A Jewellery Set and a Coincidence
This necklace and earring set – pearls clustered to evoke grapes with gold vine leaves – has travelled far and wide. Between 1849 and 2015 it went from England to Mauritius to Australia, to East Africa, to Spain and finally back to Australia (where it will remain)!
Explaining those multiple journeys will come, but first I want to celebrate coincidences – those moments in life that feel less like chance and more like the universe offering a sign that something is ‘meant to be’. Certainly, we all have different opinions about whether coincidences really are just sheer chance; personally I like the universe idea and, for me, this jewellery is a perfect, if circuitous, example.
To explain: a few years ago, I was living in Alverstoke, UK, a small village on England’s south coast, near Portsmouth Harbour, and home over the years to naval officers. While living there, I wrote my first book Resolution, whose key protagonist, was a young naval officer, Lord Robert Manners, who served in the American War of Independence (1776-83). He used to anchor his ship close to Alverstoke seafront –Stokes Bay – during the 1770s. When I took my daily walk along Stokes Bay, I would imagine him there, aboard a huge 74-gun ship with some 700 sailors, waiting for the tide before sailing to seek battle. The coincidence was chance, yet still explainable. My maritime background had led me first to Alverstoke and then to Resolution. It reinforced my ‘meant to be’ feeling.
However, soon came another coincidence much more ascribable to sheer chance. After completing Resolution, I began a new project documenting the adventures of a family of colonial pioneer sheep farmers who had settled in Western Australia from 1840, principal founders of the region’s pastoral industry. Although my research covered the days when people travelled by ship, little else in the story pertained to matters maritime.
This colonial family owned the jewellery set. Such items were fashionable in Victorian England, when grape-pearl clusters and vine leaves, an ancient symbol of abundance and fertility, enjoyed a revival in the mid-nineteenth century. However, this set slightly pre-dates that period, as I was to learn through surviving family member and owner, Jeannine Cook.
Jeannine explained to me that it was worn in England in 1819 by her great-great-great grandmother, Elizabeth Lawrence, at her wedding to Joseph Bingham Clifton. However, Jeannine could not recall much else, having not looked at her family archive for many years.
That archive was located on the Spanish island of Mallorca. I travelled from Alverstoke to Mallorca to delve into the many boxes of papers relating to Jeannine’s family’s trajectory (mirroring the jewellery) from England to Western Australia to East Africa and eventually to Mallorca. Imagine my surprise as I sat in the library of a Mallorca villa to discover history of Alverstoke. I delved further. It turned out that Joseph Bingham Clifton hailed from Alverstoke. His father, the Reverend Francis Clifton, had been a Royal Naval Chaplain but by 1783, had left the Royal Navy and settled in Alverstoke, where Joseph was born in 1797.

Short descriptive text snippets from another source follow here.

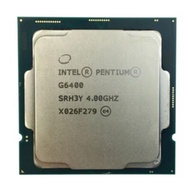 Selling pentium g6400 g6405 processor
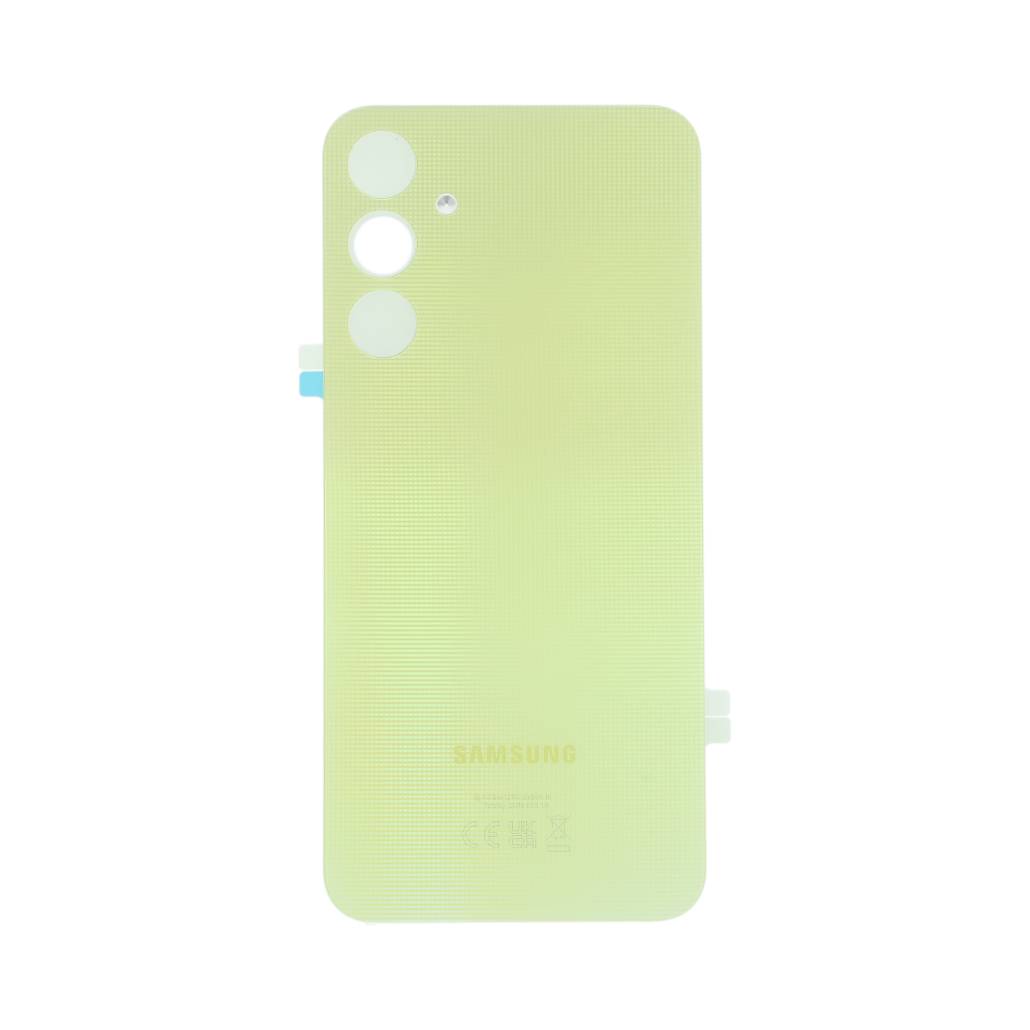 Samsung Galaxy A25 5G A256B Back Cover Lime Original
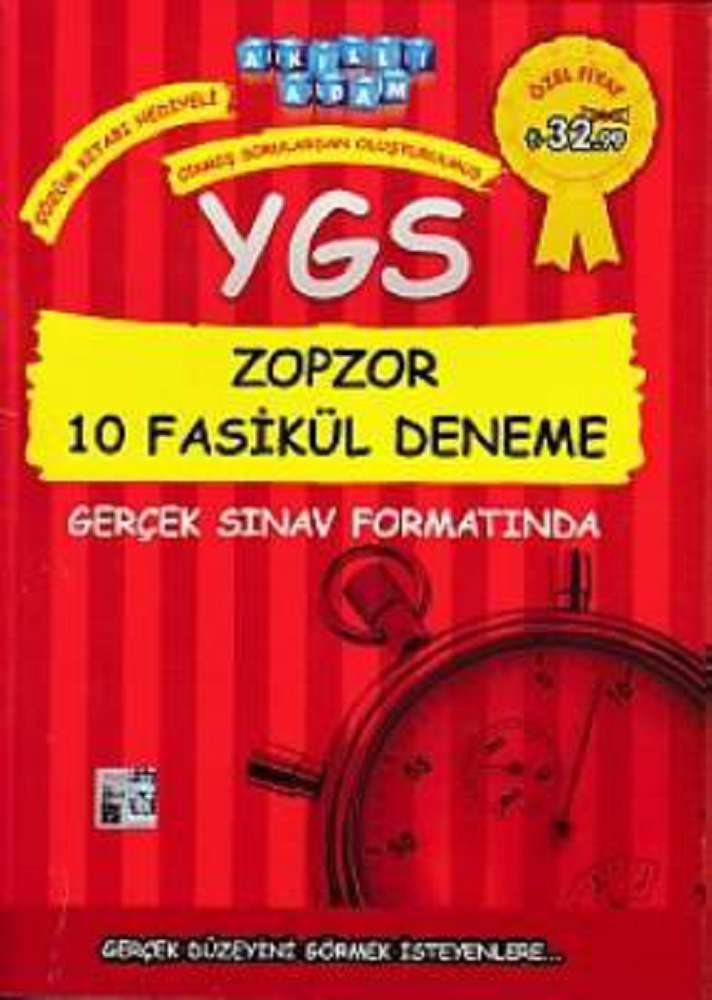 Ürün Resmi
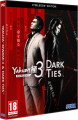 Yakuza Kiwami 3 And Dark Ties Steelbook Edition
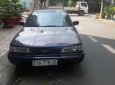 Toyota Camry 1988 - Bán Toyota Camry 1988, màu đen, nhập khẩu nguyên chiếc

Francis was appointed as a curate of St Mary’s Church, Alverstoke. For years, I had seen that same church from my bedroom window and hear its bells chiming through the night, with no idea whatsoever of the connection I would one day have with its history. I even discovered that Francis was buried near the village’s parish hall - I suspect, after investigation, under a flower bed alongside which I had often parked my car. What are the chances of that connection, I thought, discovering the history of my own village in an apparently utterly different context?
I even learned that another of Francis Clifton’s sons, Marshall Waller Clifton, had emigrated to Western Australia in the nineteenth century. In 1842, he established the first farm in an area south of Perth, naming it Alverstoke, after his birthplace.
And there’s more! It turned out that another branch of Jeannine’s direct forebears, John Randall Peckham, had drowned in Stokes Bay, in 1811. read a harrowing description of the tragic accident, realising that over many years, I had been gazing unknowingly at that spot, one in fact close to where Lord Robert Manners used to anchor some quarter of a century earlier.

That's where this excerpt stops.